* Your task:
Each record is to be transcribed exactly.

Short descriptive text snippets
══════════
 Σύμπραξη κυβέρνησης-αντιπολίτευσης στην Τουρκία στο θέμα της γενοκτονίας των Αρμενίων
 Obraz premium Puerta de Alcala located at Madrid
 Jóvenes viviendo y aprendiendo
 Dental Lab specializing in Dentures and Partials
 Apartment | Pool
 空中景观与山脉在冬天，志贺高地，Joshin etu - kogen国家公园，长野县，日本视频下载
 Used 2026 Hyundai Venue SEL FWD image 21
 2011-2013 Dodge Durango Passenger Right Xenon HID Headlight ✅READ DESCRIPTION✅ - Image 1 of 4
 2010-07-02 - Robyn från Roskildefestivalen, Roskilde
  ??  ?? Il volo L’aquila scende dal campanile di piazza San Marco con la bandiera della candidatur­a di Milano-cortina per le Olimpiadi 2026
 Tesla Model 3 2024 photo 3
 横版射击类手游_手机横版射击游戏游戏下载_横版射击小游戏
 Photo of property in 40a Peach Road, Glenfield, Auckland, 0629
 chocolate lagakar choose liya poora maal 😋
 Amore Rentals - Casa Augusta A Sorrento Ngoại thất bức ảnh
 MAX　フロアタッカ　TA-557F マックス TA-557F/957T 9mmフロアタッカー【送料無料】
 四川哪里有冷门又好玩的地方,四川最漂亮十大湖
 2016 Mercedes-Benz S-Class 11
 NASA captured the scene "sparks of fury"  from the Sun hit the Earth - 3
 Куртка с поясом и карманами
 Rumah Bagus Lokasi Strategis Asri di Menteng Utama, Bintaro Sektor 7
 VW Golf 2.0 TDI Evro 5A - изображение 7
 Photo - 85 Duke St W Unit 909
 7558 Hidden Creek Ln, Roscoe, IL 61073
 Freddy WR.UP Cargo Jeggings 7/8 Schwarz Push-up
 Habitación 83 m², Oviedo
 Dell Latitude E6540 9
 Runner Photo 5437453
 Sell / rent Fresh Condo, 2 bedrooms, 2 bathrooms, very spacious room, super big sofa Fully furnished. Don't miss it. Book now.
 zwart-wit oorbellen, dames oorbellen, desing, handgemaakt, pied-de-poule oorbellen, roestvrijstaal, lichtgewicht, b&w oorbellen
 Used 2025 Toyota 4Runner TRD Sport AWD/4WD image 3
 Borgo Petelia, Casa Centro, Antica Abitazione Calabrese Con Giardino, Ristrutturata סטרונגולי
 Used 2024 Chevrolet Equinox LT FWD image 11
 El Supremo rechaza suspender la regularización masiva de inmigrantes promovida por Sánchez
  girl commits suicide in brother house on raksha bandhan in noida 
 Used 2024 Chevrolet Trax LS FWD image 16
══════════
* Solved exercise:
 Σύμπραξη κυβέρνησης-αντιπολίτευσης στην Τουρκία στο θέμα της γενοκτονίας των Αρμενίων
 Obraz premium Puerta de Alcala located at Madrid
 Jóvenes viviendo y aprendiendo
 Dental Lab specializing in Dentures and Partials
 Apartment | Pool
 空中景观与山脉在冬天，志贺高地，Joshin etu - kogen国家公园，长野县，日本视频下载
 Used 2026 Hyundai Venue SEL FWD image 21
 2011-2013 Dodge Durango Passenger Right Xenon HID Headlight ✅READ DESCRIPTION✅ - Image 1 of 4
 2010-07-02 - Robyn från Roskildefestivalen, Roskilde
  ??  ?? Il volo L’aquila scende dal campanile di piazza San Marco con la bandiera della candidatur­a di Milano-cortina per le Olimpiadi 2026
 Tesla Model 3 2024 photo 3
 横版射击类手游_手机横版射击游戏游戏下载_横版射击小游戏
 Photo of property in 40a Peach Road, Glenfield, Auckland, 0629
 chocolate lagakar choose liya poora maal 😋
 Amore Rentals - Casa Augusta A Sorrento Ngoại thất bức ảnh
 MAX　フロアタッカ　TA-557F マックス TA-557F/957T 9mmフロアタッカー【送料無料】
 四川哪里有冷门又好玩的地方,四川最漂亮十大湖
 2016 Mercedes-Benz S-Class 11
 NASA captured the scene "sparks of fury"  from the Sun hit the Earth - 3
 Куртка с поясом и карманами
 Rumah Bagus Lokasi Strategis Asri di Menteng Utama, Bintaro Sektor 7
 VW Golf 2.0 TDI Evro 5A - изображение 7
 Photo - 85 Duke St W Unit 909
 7558 Hidden Creek Ln, Roscoe, IL 61073
 Freddy WR.UP Cargo Jeggings 7/8 Schwarz Push-up
 Habitación 83 m², Oviedo
 Dell Latitude E6540 9
 Runner Photo 5437453
 Sell / rent Fresh Condo, 2 bedrooms, 2 bathrooms, very spacious room, super big sofa Fully furnished. Don't miss it. Book now.
 zwart-wit oorbellen, dames oorbellen, desing, handgemaakt, pied-de-poule oorbellen, roestvrijstaal, lichtgewicht, b&w oorbellen
 Used 2025 Toyota 4Runner TRD Sport AWD/4WD image 3
 Borgo Petelia, Casa Centro, Antica Abitazione Calabrese Con Giardino, Ristrutturata סטרונגולי
 Used 2024 Chevrolet Equinox LT FWD image 11
 El Supremo rechaza suspender la regularización masiva de inmigrantes promovida por Sánchez
  girl commits suicide in brother house on raksha bandhan in noida 
 Used 2024 Chevrolet Trax LS FWD image 16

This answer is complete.